▶ INPUT DATA
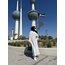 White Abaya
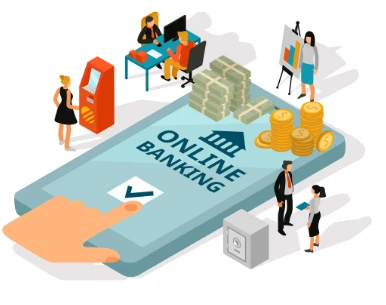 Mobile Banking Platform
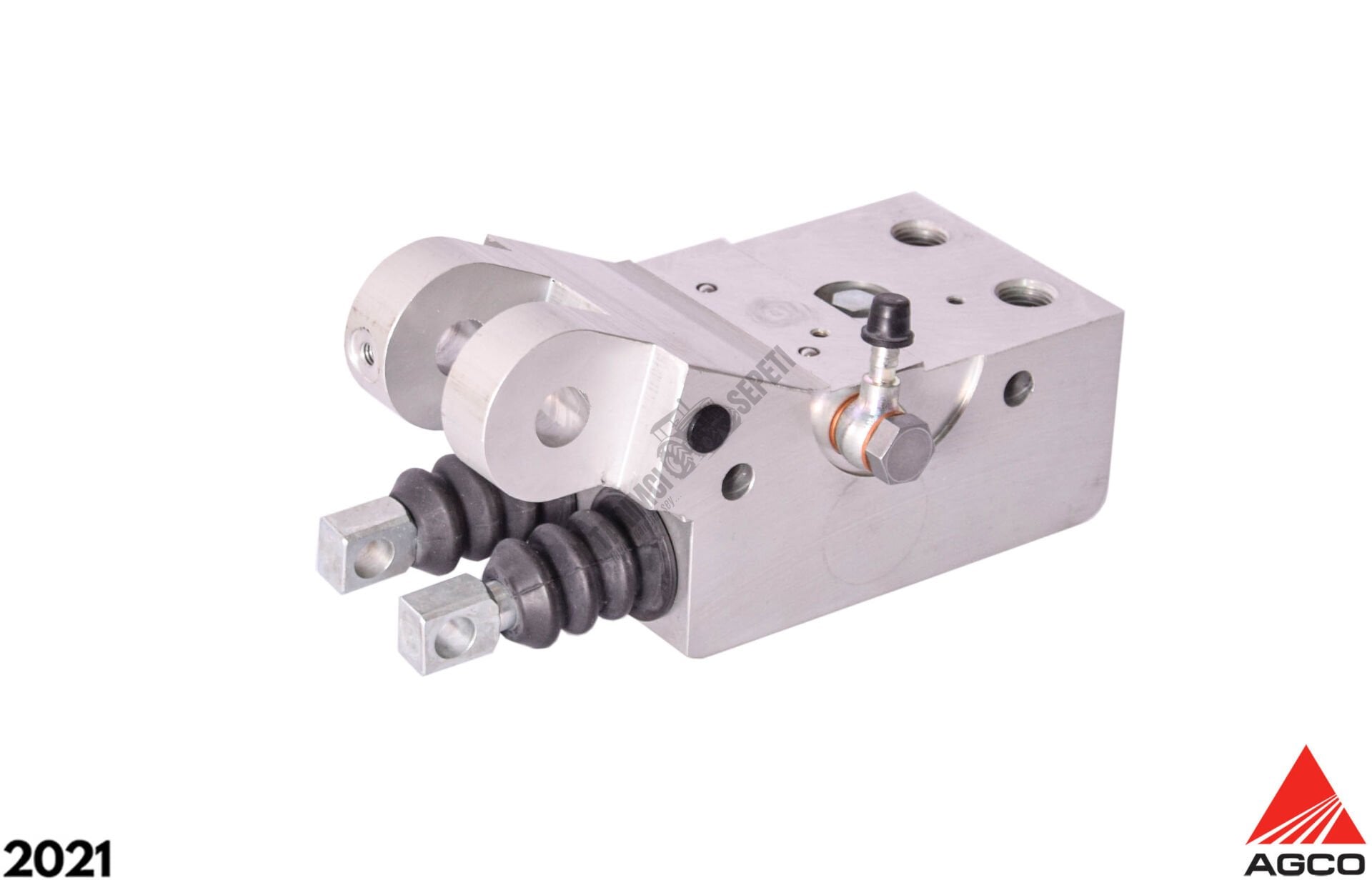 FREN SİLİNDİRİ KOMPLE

--

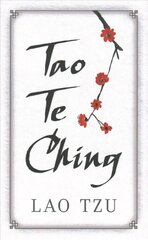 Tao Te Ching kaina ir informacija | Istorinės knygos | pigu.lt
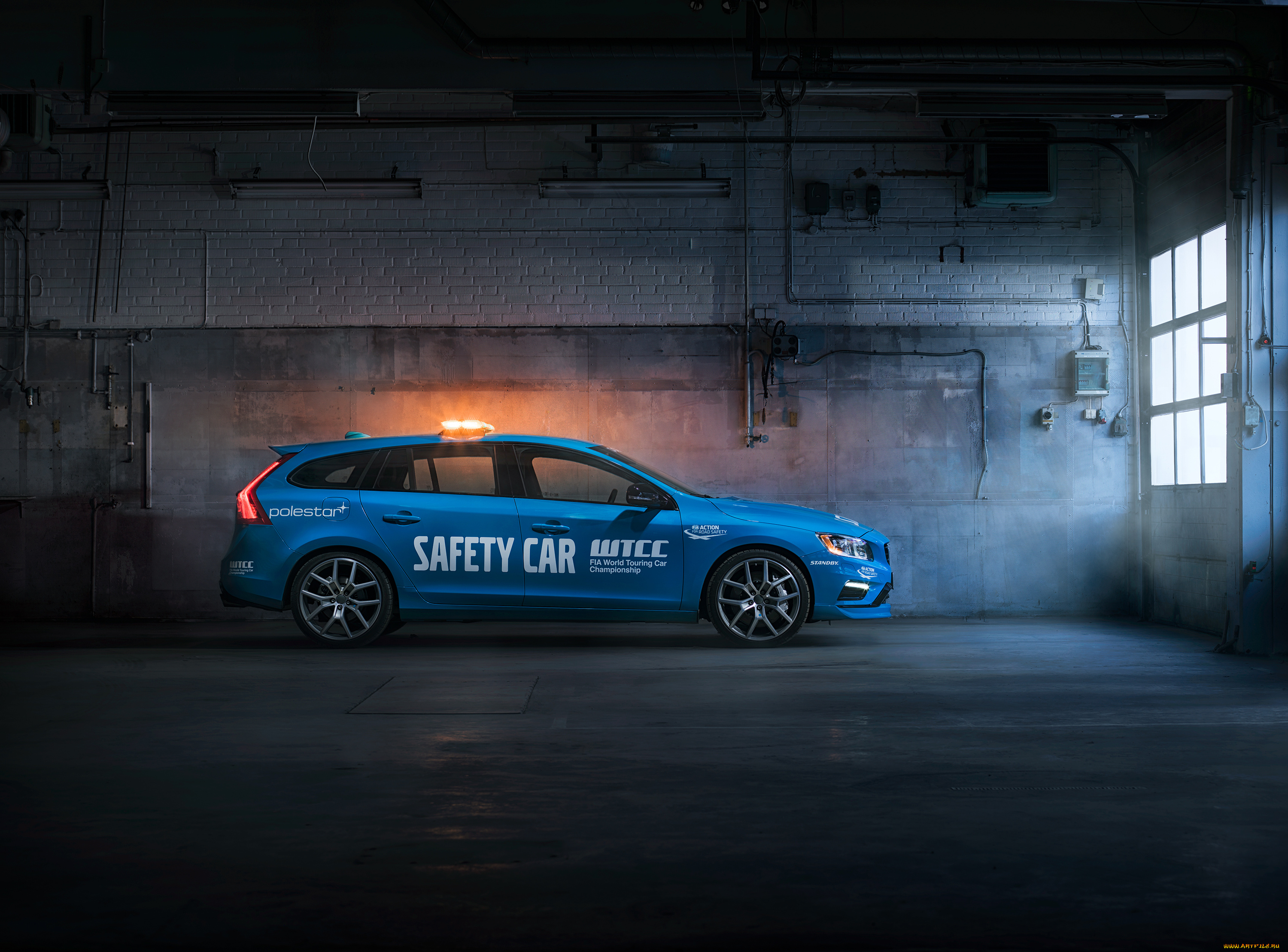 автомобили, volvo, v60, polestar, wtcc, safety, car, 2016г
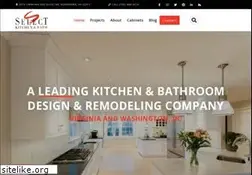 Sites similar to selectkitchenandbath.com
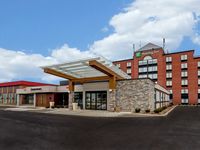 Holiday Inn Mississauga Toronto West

==

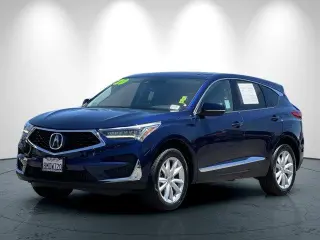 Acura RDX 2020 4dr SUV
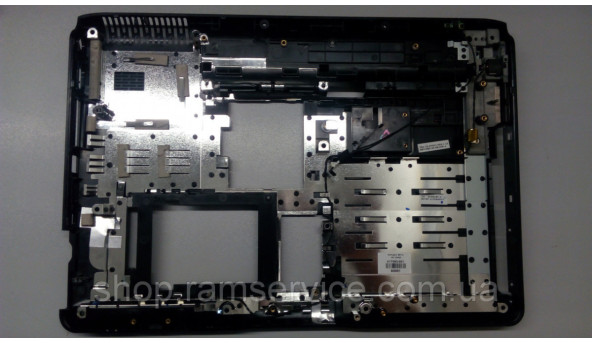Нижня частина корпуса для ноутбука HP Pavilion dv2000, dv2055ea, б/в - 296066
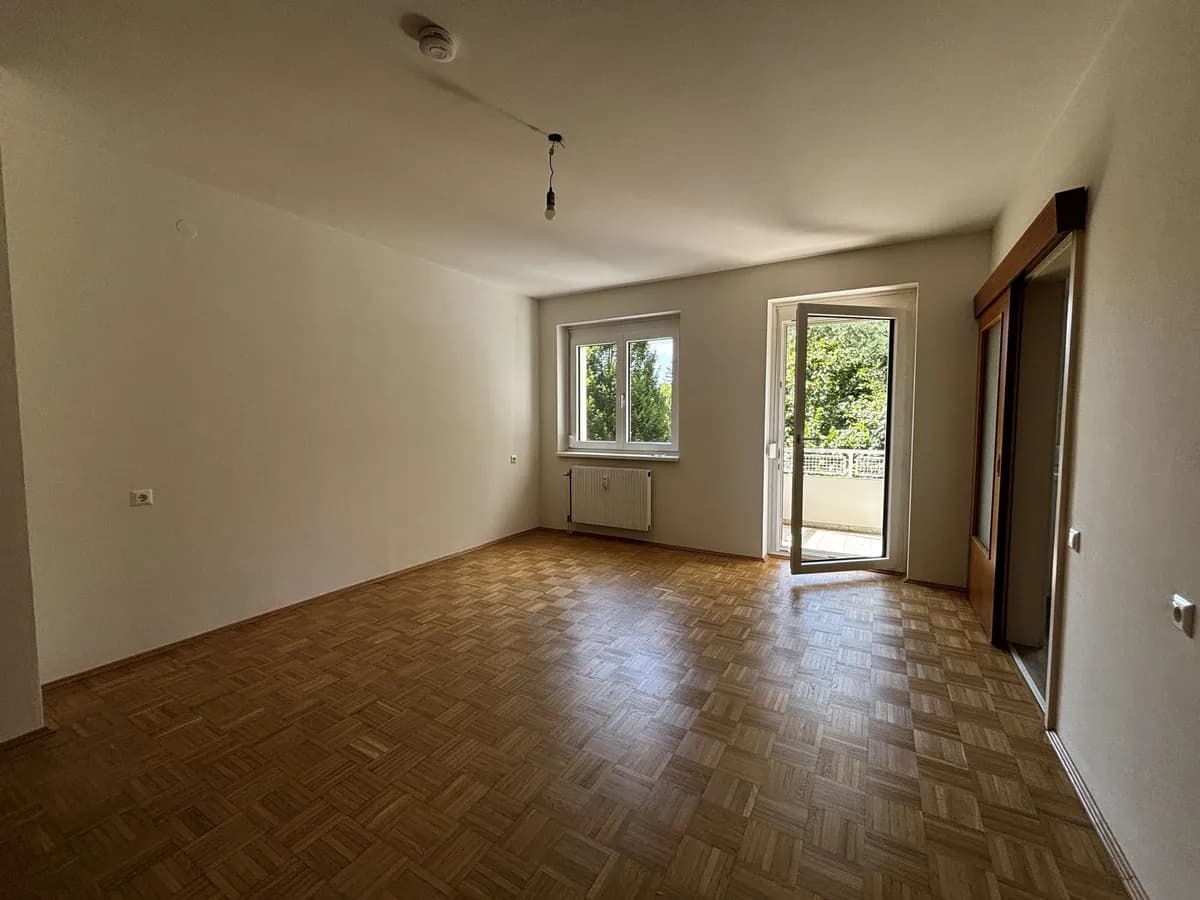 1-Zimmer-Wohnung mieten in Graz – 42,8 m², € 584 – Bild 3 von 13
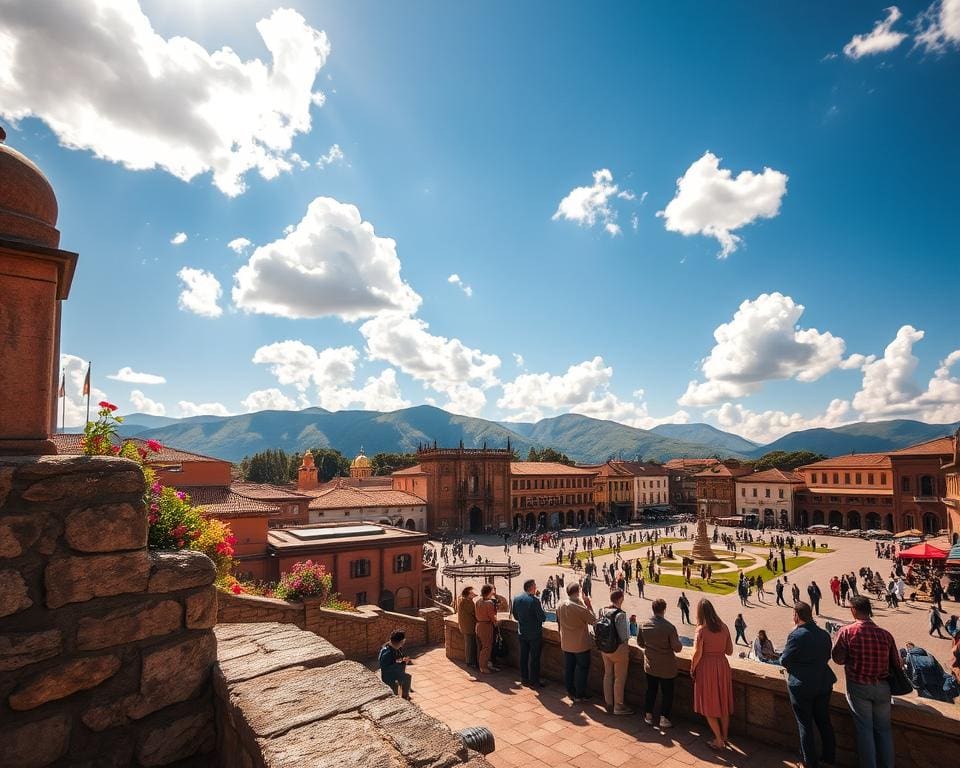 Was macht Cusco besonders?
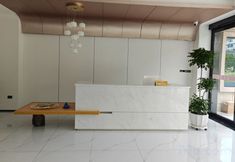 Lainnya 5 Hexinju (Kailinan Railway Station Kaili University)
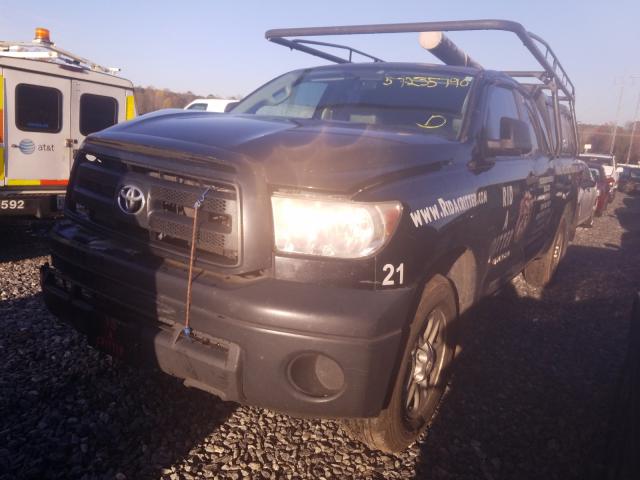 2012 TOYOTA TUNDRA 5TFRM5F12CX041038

▶ ASSIGNMENT
Up in the listing, locate the line with "White Abaya"; print it and every line after it down to the line with "FREN SİLİNDİRİ KOMPLE", which is included too. Skip the pictures.

▶ WRITTEN ANSWER
 White Abaya
 Mobile Banking Platform
 FREN SİLİNDİRİ KOMPLE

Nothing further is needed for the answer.